2) What was the special operation command's target code name for bin Laden:
Crankshaft.
The Abbottabad raid "represented the team's first serious attempt since late 2001 at killing 'Crankshaft'—the target name that the Joint Special Operations Command, or JSOC, had given bin Laden," Schmidle reports.
It was previously reported that "Geronimo" was the code name for bin Laden. But Schmidle adds new details: "Before the mission commenced, the SEALs had created a checklist of code words that had a Native American theme. Each code word represented a different stage of the mission: leaving Jalalabad, entering Pakistan, approaching the compound, and so on. 'Geronimo' was to signify that bin Laden had been found."
3) Who actually pulled the trigger that killed bin Laden?
According to Schmidle, President Obama may himself not know.
On May 6th, "President Obama travelled to Fort Campbell, Kentucky, where the 160th is based, to meet the DEVGRU unit and the pilots who pulled off the raid," Schmidle writes.
Using a 3-D model of bin Laden's compound, the SEALs reconstructed the operation for the president and presented him with an American flag that had been on the mission, that they had signed and which said: "From the Joint Task Force Operation Neptune's Spear, 01 May 2011: 'For God and country. Geronimo,'" Schmidle reports.
"Before the President returned to Washington, he posed for photographs with each team member and spoke with many of them, but he left one thing unsaid," Schmidle wrote: "He never asked who fired the kill shot, and the SEALs never volunteered to tell him.
4) How many times had the DEVGRU team previously conducted stealth special operations raids inside Pakistan?
According to Schmidle, as many as a dozen times.

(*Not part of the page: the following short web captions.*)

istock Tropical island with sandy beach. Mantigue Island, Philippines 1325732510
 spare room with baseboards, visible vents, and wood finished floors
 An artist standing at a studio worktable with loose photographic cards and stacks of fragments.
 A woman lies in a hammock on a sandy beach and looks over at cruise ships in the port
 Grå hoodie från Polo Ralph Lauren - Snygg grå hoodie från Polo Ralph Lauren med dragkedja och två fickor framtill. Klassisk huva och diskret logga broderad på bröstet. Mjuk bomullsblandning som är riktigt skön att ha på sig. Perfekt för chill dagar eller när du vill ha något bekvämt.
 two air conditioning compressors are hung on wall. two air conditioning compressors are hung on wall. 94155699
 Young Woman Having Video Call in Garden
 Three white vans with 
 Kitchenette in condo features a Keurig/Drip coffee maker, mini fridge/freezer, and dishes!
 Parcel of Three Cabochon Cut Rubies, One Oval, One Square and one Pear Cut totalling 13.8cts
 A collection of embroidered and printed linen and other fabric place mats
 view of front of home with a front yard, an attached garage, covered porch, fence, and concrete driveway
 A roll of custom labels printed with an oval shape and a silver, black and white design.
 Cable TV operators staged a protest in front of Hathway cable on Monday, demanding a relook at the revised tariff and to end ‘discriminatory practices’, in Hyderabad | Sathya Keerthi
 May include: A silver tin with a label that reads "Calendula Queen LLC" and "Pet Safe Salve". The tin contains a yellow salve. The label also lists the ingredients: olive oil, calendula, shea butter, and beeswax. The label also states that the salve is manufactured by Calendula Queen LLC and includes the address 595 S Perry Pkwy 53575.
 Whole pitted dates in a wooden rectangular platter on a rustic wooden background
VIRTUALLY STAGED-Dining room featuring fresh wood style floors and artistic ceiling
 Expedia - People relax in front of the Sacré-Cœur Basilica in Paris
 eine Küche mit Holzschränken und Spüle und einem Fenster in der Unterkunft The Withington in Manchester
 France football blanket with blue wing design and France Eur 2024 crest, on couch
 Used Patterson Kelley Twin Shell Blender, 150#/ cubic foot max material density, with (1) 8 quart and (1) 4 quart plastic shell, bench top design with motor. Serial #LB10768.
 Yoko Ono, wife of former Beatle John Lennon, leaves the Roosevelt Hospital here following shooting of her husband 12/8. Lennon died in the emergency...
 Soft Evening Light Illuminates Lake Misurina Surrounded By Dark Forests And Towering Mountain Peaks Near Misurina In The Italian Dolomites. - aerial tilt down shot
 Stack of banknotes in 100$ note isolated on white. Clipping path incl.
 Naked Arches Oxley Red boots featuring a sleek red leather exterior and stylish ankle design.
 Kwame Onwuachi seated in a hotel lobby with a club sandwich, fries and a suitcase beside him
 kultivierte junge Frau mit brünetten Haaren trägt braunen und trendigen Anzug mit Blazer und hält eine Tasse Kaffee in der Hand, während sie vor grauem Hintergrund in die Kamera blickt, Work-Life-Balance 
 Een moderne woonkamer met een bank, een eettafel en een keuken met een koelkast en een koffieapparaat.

"The Abbottabad raid was not DEVGRU's maiden venture into Pakistan, either," he writes. "The team had surreptitiously entered the country on ten to twelve previous occasions, according to a special-operations officer who is deeply familiar with the bin Laden raid. Most of those missions were forays into North and South Waziristan, where many military and intelligence analysts had thought that bin Laden and other Al Qaeda leaders were hiding."
Indeed, the raid that killed bin Laden itself was described as basically so ordinary by the special operations team's standards, Schmidle recounts, that a Defense Department officer described the nighttime raid to Schmidle as "mowing the lawn":
"After a few minutes, the twelve SEALs inside helo one recovered their bearings and calmly relayed on the radio that they were proceeding with the raid," Schmidle reports. "They had conducted so many operations over the past nine years that few things caught them off guard. .... This was one of almost two thousand missions that have been conducted over the last couple of years, night after night.' He likened the routine of evening raids to 'mowing the lawn.' On the night of May 1st alone, special-operations forces based in Afghanistan conducted twelve other missions; according to the official, those operations captured or killed between fifteen and twenty targets. 'Most of the missions take off and go left,' he said. 'This one took off and went right.'"
5) Did Cairo get to meet Obama?
Yes. After the Navy SEAL team leader 'James' mentioned the dog's role in the raid, Obama interrupted, Schmidle recounts:
"There was a dog?" ... James nodded and said that Cairo was in an adjoining room, muzzled, at the request of the Secret Service.
"I want to meet that dog," Obama said.
"If you want to meet the dog, Mr. President, I advise you to bring treats," James joked. Obama went over to pet Cairo, but the dog's muzzle was left on.